2. Romance, Rough Sex or Rape?

“On the big screen, consent has long been a fuzzy, negotiable concept.”

3. Why We Should Lower the Voting Age to 16

“Adolescents can gather and process information, weigh pros and cons, reason logically with facts and take time before making a decision. Teenagers may sometimes make bad choices, but statistically speaking, they do not make them any more often than adults do.”

4. Power to the Parents

“The simplest mechanism would be to assign half a vote to each custodial parent; presumably single parents with full custody could exercise the full franchise for each child.”

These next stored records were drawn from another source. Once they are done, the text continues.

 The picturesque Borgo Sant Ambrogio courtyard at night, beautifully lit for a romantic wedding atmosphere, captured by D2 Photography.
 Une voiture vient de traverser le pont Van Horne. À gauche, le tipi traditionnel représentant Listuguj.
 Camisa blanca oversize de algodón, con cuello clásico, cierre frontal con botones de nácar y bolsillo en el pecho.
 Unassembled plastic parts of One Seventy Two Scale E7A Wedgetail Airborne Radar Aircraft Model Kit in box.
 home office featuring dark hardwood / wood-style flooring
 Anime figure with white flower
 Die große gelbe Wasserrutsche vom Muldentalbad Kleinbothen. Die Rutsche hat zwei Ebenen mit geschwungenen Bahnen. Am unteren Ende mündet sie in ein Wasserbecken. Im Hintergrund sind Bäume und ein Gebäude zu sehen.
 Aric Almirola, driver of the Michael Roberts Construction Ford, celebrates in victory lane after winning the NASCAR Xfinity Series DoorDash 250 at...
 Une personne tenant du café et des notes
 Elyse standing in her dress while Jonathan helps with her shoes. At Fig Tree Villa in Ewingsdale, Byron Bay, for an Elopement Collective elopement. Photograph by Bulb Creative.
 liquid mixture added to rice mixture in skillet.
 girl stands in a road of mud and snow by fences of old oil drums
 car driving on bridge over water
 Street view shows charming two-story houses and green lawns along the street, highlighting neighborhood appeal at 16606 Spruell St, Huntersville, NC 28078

5. When Your College Has Your Back

“Today just 40 percent of college students earn a degree in four years. This phenomenon is so common that educators now use six years, by which time 59 percent of undergraduates receive their diplomas, as the new normal.”

6. The 8 Million Species We Don’t Know

“Once species are gone, they’re gone forever. Even if the climate is stabilized, the extinction of species will remove Earth’s foundational, billion-year-old environmental support system. A growing number of researchers, myself included, believe that the only way to reverse the extinction crisis is through a conservation moonshot: We have to enlarge the area of Earth devoted to the natural world enough to save the variety of life within it.”

7. Let’s Bag Plastic Bags

“The United Nations Environment Program estimates that some eight million tons of plastic waste end up in the oceans each year, while a 2016 World Economic Forum report projects that there will be more plastic than fish by weight in the oceans by 2050 if current trends continue.”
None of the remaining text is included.